*** Opening of Data ***
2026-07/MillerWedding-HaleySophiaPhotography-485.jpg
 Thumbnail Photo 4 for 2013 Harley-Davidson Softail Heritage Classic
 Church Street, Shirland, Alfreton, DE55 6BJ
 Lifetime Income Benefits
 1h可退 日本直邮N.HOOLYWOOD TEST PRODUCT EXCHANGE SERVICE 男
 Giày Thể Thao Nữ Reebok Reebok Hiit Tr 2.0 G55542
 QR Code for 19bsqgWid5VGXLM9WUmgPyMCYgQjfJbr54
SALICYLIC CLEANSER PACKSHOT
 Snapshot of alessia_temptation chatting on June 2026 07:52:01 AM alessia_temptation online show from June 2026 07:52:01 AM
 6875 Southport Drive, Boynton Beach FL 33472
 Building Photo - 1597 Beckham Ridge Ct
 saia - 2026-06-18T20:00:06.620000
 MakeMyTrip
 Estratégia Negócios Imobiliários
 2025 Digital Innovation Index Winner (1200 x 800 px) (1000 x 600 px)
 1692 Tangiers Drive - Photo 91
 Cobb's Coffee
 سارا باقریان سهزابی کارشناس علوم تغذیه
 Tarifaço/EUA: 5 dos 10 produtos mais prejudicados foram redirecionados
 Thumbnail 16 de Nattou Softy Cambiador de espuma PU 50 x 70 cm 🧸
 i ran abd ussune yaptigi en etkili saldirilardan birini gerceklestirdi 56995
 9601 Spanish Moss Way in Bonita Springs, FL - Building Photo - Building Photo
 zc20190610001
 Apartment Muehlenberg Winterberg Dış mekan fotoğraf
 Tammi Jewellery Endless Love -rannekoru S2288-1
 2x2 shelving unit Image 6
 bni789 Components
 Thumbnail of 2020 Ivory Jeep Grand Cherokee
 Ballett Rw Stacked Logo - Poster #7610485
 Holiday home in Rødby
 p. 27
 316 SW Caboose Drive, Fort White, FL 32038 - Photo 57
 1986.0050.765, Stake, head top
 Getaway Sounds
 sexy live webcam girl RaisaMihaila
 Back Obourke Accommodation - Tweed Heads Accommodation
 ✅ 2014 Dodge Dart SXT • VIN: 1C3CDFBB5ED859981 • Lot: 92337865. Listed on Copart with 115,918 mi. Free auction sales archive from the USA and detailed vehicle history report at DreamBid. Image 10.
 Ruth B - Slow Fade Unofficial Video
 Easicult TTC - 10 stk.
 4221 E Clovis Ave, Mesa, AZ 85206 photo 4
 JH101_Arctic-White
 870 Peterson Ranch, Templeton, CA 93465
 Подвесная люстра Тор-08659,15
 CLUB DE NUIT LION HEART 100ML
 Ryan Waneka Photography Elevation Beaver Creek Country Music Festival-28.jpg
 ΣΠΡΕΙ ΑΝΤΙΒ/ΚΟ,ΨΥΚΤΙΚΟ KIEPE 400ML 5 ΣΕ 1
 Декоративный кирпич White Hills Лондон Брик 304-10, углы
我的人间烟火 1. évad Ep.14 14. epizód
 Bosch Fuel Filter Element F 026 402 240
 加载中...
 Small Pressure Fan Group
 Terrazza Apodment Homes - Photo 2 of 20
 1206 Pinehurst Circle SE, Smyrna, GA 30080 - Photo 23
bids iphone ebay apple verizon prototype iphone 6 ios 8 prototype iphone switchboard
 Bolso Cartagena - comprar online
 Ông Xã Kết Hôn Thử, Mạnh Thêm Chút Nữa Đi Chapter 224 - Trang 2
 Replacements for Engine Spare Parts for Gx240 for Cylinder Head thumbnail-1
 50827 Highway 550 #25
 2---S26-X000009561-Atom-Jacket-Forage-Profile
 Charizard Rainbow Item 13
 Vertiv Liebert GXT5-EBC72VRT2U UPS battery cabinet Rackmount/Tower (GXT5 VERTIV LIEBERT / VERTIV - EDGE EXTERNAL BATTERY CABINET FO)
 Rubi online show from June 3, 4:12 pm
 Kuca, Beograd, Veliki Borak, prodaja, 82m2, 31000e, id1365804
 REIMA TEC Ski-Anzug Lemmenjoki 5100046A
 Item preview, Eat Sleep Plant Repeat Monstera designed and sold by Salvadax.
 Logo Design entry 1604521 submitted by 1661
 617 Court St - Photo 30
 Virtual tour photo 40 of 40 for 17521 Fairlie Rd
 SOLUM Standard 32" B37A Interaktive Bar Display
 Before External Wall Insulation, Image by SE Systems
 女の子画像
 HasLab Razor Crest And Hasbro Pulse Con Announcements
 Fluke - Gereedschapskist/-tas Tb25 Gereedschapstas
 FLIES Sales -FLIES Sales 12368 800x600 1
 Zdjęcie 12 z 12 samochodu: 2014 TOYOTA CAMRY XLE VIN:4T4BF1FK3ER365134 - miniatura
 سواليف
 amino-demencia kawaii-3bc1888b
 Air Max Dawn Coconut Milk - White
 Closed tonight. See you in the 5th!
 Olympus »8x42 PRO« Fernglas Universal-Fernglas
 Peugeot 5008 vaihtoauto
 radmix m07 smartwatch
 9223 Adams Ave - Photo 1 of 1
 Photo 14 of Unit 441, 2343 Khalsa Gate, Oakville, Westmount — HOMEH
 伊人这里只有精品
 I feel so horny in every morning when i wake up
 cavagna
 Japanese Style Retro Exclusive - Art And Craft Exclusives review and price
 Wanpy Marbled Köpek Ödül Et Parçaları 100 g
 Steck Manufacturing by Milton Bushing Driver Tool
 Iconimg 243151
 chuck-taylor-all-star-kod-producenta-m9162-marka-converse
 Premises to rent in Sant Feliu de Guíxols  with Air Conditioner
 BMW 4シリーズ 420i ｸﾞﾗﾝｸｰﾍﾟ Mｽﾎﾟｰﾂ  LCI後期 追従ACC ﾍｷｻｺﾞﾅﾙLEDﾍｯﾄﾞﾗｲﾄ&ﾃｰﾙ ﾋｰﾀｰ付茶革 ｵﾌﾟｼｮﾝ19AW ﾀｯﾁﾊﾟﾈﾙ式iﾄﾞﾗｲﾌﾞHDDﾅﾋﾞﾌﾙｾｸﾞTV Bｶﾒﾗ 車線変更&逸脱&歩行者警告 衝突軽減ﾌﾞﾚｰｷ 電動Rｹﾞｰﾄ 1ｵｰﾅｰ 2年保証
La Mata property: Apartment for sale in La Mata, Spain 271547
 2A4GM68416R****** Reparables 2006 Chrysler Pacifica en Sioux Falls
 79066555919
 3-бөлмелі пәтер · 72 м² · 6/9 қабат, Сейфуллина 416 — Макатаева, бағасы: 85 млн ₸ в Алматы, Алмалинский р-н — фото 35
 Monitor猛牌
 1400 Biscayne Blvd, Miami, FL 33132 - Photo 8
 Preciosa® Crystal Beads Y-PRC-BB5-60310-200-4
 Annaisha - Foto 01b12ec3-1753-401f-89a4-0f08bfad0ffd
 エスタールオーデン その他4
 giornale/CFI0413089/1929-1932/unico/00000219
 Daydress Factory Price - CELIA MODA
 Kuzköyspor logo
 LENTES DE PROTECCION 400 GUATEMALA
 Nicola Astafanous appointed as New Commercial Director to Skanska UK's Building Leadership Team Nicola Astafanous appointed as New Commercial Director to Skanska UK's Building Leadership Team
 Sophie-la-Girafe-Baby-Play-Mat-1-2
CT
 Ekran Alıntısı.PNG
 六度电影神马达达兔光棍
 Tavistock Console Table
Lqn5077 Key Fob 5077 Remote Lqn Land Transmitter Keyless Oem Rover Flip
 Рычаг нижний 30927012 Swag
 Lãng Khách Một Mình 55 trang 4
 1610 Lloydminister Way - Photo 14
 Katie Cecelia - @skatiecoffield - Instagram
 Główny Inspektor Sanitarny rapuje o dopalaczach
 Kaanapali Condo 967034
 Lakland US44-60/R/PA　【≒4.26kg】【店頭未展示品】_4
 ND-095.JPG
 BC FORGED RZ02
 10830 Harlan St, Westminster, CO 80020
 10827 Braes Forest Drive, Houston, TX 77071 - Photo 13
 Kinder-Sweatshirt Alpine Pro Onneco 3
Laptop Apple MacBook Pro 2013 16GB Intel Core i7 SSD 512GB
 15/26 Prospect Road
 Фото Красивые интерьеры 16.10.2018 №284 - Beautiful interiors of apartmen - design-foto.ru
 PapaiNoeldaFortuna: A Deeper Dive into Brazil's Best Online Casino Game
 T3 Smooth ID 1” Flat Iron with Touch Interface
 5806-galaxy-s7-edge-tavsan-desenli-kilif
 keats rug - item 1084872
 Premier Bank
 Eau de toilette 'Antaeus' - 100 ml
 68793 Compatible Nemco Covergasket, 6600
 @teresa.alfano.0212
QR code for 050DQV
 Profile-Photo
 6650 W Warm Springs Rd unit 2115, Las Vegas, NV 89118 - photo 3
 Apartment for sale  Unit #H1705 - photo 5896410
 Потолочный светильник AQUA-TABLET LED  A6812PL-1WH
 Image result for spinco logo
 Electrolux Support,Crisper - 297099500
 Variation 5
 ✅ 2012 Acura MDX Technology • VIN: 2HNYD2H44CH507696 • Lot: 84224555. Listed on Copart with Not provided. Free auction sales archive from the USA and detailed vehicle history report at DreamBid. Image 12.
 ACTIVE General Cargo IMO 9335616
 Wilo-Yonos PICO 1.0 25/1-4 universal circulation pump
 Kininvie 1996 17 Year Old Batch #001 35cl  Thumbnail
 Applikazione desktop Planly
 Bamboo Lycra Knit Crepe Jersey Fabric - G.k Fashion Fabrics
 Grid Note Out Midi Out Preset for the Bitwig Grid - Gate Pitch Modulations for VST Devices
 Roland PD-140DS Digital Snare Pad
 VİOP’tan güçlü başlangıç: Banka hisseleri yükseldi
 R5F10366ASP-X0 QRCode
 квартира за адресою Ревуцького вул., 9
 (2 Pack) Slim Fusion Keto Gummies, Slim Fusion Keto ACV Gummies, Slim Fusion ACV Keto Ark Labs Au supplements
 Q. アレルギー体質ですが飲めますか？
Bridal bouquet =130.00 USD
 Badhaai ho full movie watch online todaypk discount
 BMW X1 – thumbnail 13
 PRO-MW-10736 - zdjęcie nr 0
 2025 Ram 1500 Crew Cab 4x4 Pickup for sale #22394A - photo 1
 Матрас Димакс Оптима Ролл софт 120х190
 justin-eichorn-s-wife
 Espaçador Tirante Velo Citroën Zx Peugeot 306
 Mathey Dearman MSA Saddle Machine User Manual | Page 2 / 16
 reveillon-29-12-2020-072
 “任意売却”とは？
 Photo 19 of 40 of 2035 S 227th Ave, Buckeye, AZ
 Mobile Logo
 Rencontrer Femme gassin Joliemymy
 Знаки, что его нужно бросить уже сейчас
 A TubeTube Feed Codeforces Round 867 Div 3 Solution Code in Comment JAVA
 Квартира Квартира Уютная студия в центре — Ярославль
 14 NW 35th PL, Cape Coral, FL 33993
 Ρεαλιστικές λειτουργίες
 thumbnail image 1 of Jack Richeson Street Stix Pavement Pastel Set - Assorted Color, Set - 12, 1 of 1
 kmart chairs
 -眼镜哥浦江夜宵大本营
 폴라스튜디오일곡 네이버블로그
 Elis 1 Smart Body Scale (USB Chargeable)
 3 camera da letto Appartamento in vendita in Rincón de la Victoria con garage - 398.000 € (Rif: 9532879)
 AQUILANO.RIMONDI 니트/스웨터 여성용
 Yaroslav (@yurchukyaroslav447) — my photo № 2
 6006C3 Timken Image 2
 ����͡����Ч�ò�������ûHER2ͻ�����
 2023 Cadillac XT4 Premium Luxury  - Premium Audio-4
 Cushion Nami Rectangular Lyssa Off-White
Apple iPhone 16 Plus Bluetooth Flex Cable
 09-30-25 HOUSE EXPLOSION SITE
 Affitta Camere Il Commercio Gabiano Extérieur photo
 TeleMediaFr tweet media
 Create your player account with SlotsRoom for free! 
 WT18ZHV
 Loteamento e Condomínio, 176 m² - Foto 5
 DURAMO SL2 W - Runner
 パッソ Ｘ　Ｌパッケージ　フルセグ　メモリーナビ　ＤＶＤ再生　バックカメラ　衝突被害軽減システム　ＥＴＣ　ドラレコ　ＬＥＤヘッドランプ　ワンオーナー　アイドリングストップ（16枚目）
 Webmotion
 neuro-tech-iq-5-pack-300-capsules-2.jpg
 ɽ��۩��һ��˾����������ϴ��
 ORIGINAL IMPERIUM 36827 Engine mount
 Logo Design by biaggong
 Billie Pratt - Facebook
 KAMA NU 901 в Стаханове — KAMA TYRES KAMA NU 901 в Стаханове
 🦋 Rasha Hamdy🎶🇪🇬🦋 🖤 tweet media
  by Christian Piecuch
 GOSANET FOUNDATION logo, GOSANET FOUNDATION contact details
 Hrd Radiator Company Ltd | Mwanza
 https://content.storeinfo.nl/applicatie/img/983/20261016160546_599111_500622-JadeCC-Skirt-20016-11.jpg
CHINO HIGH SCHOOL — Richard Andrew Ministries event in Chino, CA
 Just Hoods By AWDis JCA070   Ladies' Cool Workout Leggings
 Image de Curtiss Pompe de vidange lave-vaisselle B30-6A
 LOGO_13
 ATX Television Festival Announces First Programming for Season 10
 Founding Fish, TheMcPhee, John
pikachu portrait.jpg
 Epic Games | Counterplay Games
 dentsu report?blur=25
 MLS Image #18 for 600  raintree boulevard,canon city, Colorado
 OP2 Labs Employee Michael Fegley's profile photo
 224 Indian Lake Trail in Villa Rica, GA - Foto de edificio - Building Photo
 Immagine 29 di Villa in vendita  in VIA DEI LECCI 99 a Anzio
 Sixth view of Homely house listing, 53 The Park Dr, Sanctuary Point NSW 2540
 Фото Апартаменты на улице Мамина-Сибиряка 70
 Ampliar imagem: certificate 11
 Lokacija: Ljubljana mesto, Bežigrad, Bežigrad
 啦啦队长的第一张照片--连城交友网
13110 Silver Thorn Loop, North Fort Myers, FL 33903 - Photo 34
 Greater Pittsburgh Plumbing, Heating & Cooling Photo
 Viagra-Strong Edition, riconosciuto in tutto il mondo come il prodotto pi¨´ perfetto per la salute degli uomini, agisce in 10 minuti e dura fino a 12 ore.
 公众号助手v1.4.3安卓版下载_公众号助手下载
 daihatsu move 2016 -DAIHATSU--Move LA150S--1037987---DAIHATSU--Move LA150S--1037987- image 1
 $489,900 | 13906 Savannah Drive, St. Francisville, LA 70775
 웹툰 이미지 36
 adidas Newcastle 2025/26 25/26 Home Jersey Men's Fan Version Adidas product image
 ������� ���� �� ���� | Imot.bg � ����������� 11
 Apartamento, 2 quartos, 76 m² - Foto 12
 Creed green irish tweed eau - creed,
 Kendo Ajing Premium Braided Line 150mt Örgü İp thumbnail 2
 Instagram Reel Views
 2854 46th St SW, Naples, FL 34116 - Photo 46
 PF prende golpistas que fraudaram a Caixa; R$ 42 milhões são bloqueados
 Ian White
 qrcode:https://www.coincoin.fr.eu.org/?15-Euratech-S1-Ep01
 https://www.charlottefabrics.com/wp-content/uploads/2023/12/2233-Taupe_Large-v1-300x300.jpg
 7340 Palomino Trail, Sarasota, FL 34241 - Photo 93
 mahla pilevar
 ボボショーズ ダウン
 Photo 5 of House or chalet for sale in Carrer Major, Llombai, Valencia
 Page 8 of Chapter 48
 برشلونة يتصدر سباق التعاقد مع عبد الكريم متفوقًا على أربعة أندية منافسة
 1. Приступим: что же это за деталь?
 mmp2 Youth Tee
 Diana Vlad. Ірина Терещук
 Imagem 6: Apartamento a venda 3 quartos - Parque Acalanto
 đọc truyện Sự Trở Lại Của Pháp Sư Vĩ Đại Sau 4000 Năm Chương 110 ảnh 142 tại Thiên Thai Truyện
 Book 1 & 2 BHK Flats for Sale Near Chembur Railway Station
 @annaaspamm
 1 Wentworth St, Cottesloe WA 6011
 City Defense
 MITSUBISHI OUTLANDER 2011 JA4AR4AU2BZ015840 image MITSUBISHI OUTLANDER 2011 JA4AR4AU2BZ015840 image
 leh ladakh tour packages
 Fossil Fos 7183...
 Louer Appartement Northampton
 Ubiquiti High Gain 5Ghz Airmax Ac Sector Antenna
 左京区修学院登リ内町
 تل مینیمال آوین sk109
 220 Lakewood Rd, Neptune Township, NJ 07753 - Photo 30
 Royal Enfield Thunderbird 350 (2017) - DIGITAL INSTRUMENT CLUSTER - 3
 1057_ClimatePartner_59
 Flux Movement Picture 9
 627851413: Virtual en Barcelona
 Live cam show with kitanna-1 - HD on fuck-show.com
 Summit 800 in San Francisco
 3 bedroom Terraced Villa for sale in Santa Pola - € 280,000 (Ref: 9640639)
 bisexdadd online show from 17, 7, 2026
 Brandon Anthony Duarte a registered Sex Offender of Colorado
*** Close of Data ***
Work request: Taking the records above, retype every line from the one with "سارا باقریان سهزابی کارشناس علوم تغذیه" down to the one with "ΣΠΡΕΙ ΑΝΤΙΒ/ΚΟ,ΨΥΚΤΙΚΟ KIEPE 400ML 5 ΣΕ 1", exactly and with nothing else.

Solution:
 سارا باقریان سهزابی کارشناس علوم تغذیه
 Tarifaço/EUA: 5 dos 10 produtos mais prejudicados foram redirecionados
 Thumbnail 16 de Nattou Softy Cambiador de espuma PU 50 x 70 cm 🧸
 i ran abd ussune yaptigi en etkili saldirilardan birini gerceklestirdi 56995
 9601 Spanish Moss Way in Bonita Springs, FL - Building Photo - Building Photo
 zc20190610001
 Apartment Muehlenberg Winterberg Dış mekan fotoğraf
 Tammi Jewellery Endless Love -rannekoru S2288-1
 2x2 shelving unit Image 6
 bni789 Components
 Thumbnail of 2020 Ivory Jeep Grand Cherokee
 Ballett Rw Stacked Logo - Poster #7610485
 Holiday home in Rødby
 p. 27
 316 SW Caboose Drive, Fort White, FL 32038 - Photo 57
 1986.0050.765, Stake, head top
 Getaway Sounds
 sexy live webcam girl RaisaMihaila
 Back Obourke Accommodation - Tweed Heads Accommodation
 ✅ 2014 Dodge Dart SXT • VIN: 1C3CDFBB5ED859981 • Lot: 92337865. Listed on Copart with 115,918 mi. Free auction sales archive from the USA and detailed vehicle history report at DreamBid. Image 10.
 Ruth B - Slow Fade Unofficial Video
 Easicult TTC - 10 stk.
 4221 E Clovis Ave, Mesa, AZ 85206 photo 4
 JH101_Arctic-White
 870 Peterson Ranch, Templeton, CA 93465
 Подвесная люстра Тор-08659,15
 CLUB DE NUIT LION HEART 100ML
 Ryan Waneka Photography Elevation Beaver Creek Country Music Festival-28.jpg
 ΣΠΡΕΙ ΑΝΤΙΒ/ΚΟ,ΨΥΚΤΙΚΟ KIEPE 400ML 5 ΣΕ 1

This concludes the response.